Current UK 'Windows' phone scam!

Discussion in 'Malware Help - MG (A Specialist Will Reply)' started by kickshaws, Oct 20, 2011.

  1. kickshaws

    kickshaws Private E-2

    I have just been subjected to the 'Windows phone scam' but unfortunately they got bored with me disbelieving everything they said and they rang off [after a quarter of an hour!] before getting to the nitty gritty. But arising I have a few questions.

    Scam went something like this. Caller claimed to work for a company licensed by Microsoft. Call arose because of error messages logged by MS indicating my pc had been hacked. To 'prove' they were bona fide they would read to me a SECRET and UNIQUE number known ONLY to MS and my computer. This number referred to by caller as the CLSID

    Stage 1 of the scam was to RUN: cmd then at the prompt enter: assoc which produces a screen of stuff towards the bottom of which is a long string something like this where x= a letter and 1= a number: <111xxx11-xx1x-11xx-1x1x-11x11xx1x111>

    Caller read out the string and I confirmed it was correct. [I had meanwhile booted up another computer and gone through same rigmarole and noted the CLSID was exactly the same! so not very unique.] As further 'proof' that my system was 'hacked' I was instructed to RUN: inf then asked did I recognise any of the files displayed! No I dutifully answered. How many are there? Hundreds I said. "Ooooh my goodness gracious me how terrible!" they said. "There you are; all those naughty files are hacking files!" "Blimey" I said.

    Next told to RUN: eventvwr and double click 'application' and later 'system' and to scroll to bottom of screen. "Look at all those warning files! and all those errors! All hacking errors. Your system in imminent danger."

    But that's where they got fed up with my lack of co-operation and rang off.

    Questions:

    1. What is CLSID?
    2. What are all the files displayed after the inf command?
    3. What are all the warnings and errors shown in the event viewer?
    4. Where was the scam leading? What were they after
     
    kickshaws, Oct 20, 2011
    #1
  2. chaslang

    chaslang MajorGeeks Admin - Master Malware Expert Staff Member

    CLSID - is a globally unique identifier. It is normal to have thousands of these in your registry. See:

    http://msdn.microsoft.com/en-us/library/windows/desktop/ms691424(v=vs.85).aspx

    http://en.wikipedia.org/wiki/Globally_unique_identifier


    Inf (stands for information). These files are Setup Information files used when installing various software, drivers, and configuring your PC. They are all typically normal. Some malware will create a few here but it is quite normal to have many of these in your Windows\inf folder.

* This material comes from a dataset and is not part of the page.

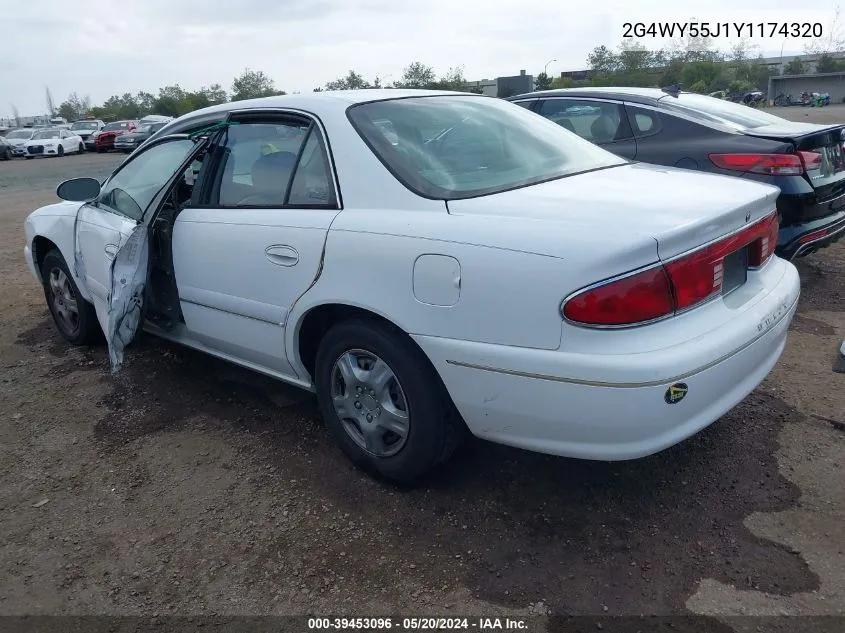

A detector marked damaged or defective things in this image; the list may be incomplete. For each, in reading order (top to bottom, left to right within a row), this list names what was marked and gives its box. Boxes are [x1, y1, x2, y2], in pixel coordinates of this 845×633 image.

damaged white car [21, 91, 796, 482]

    The event logs is where Windows saves and kind of event ( errors, crashes ) for any applications running on your PC. It is normal to things here. Sometimes there are serious problems within Windows and you can debug by making use of the Event Viewer logs.

    See: http://support.microsoft.com/kb/308427


    They were going to get to the point to have you install their software giving them remote access to your PC. They would then charge you to help you fix all of these none problems and they would also be stealing information off your PC.
     
    chaslang, Oct 20, 2011
    #2
  3. kickshaws

    kickshaws Private E-2

    Thanks for all the answers chaslang. The only thing I find odd is you say
    and yet the string on my machine is exactly the same as that on another computer I have here and I have seen a screenshot since my original post which also shows the exact same string! The poster of the screenshot thought it was 'unbique' to Windows 7 but both my machines here are XP.

    Anyway, thanks again for the info.
     
    kickshaws, Oct 20, 2011
    #3
  4. chaslang

    chaslang MajorGeeks Admin - Master Malware Expert Staff Member

    It is not that it is unique to every PC. It is unique for the software application itself. So no matter where you install an application, it will still have the same CLSID. So for example the below is always related to Flashplayer's Flash9.ocx

    HKEY_CLASSES_ROOT\CLSID\{1171A62F-05D2-11D1-83FC-00A0C9089C5A}
     
    chaslang, Oct 20, 2011
    #4

MajorGeeks.Com Menu

Downloads All In One Tweaks \ Android \ Anti-Malware \ Anti-Virus \ Appearance \ Backup \ Browsers \ CD\DVD\Blu-Ray \ Covert Ops \ Drive Utilities \ Drivers \ Graphics \ Internet Tools \ Multimedia \ Networking \ Office Tools \ PC Games \ System Tools \ Mac/Apple/Ipad Downloads

Other News: Top Downloads \ News (Tech) \ Off Base (Other Websites News) \ Way Off Base (Offbeat Stories and Pics)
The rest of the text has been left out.